The global economy likely won’t be able to avoid a recession without a resumption of Russian energy exports this year, according to a study by Federal Reserve Bank of Dallas economists.
“If the bulk of Russian energy exports is off the market for the remainder of 2022, a global economic downturn seems unavoidable,” economists Lutz Kilian and Michael Plante wrote in an article posted by the Dallas Fed Tuesday. “This slowdown could be more protracted than that in 1991.”
The authors drew a parallel to the 1991 global recession, set off by Iraq’s invasion of Kuwait in the year prior that caused an oil-supply shock. Back then, Saudi Arabia partly reduced the impact by pledging to ramp up production, helping ensure what the researchers called “only a brief U.S. recession,” which lasted less than a year.
The refusal of financial institutions to support Russian energy exports has been the main development putting those shipments at risk, the Dallas Fed economists wrote. “This outcome was largely unanticipated, as U.S. and European Union sanctions originally deliberately excluded Russian energy exports.”
Barter schemes
Replacing that supply may be challenging, given that Saudi Arabia and the United Arab Emirates have signaled they won’t provide relief, the researchers said. They also highlighted that U.S. shale producers are “constrained by supply-chain bottlenecks, labor shortages and the insistence of public investors on capital discipline.”
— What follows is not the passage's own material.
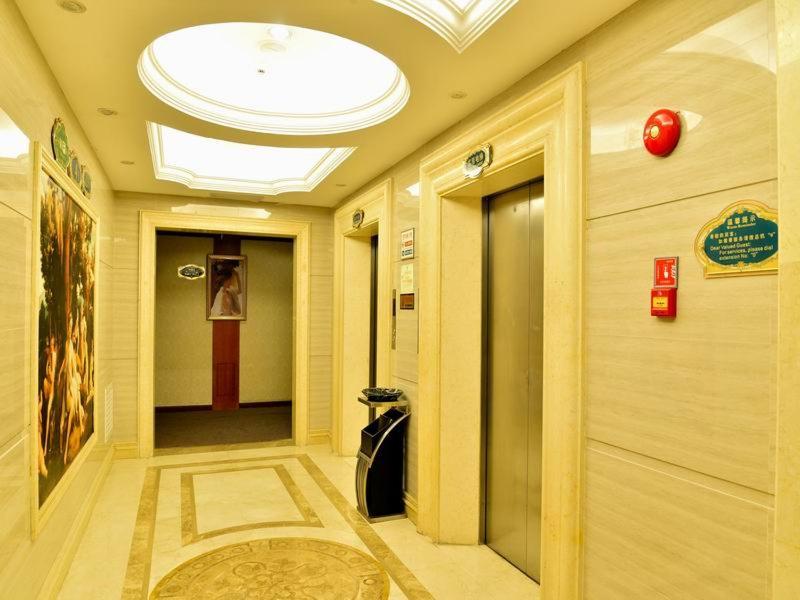 Vienna Hotel Dongguan Hou Street Wanda Plaza Ngoại thất bức ảnh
“There are indications that some oil-importing countries are exploring alternative-payment schemes that avoid the use of trade credit, bypass current financial sanctions or rely on alternative currencies,” which could help ease the hit caused by financing difficulties, Kilian and Plante wrote.
Without a supply response, the drop-off of Russian exports will cause an inflationary hit that compresses spending, according to the authors.
“Unless the Russian petroleum supply shortfall can be contained, it appears necessary for the price of oil to increase substantially and to remain elevated for a long period to eliminate the excess demand for oil,” they wrote. “This demand destruction is likely to be assisted by the recessionary effect of higher natural gas prices and other commodity prices, especially in Europe.”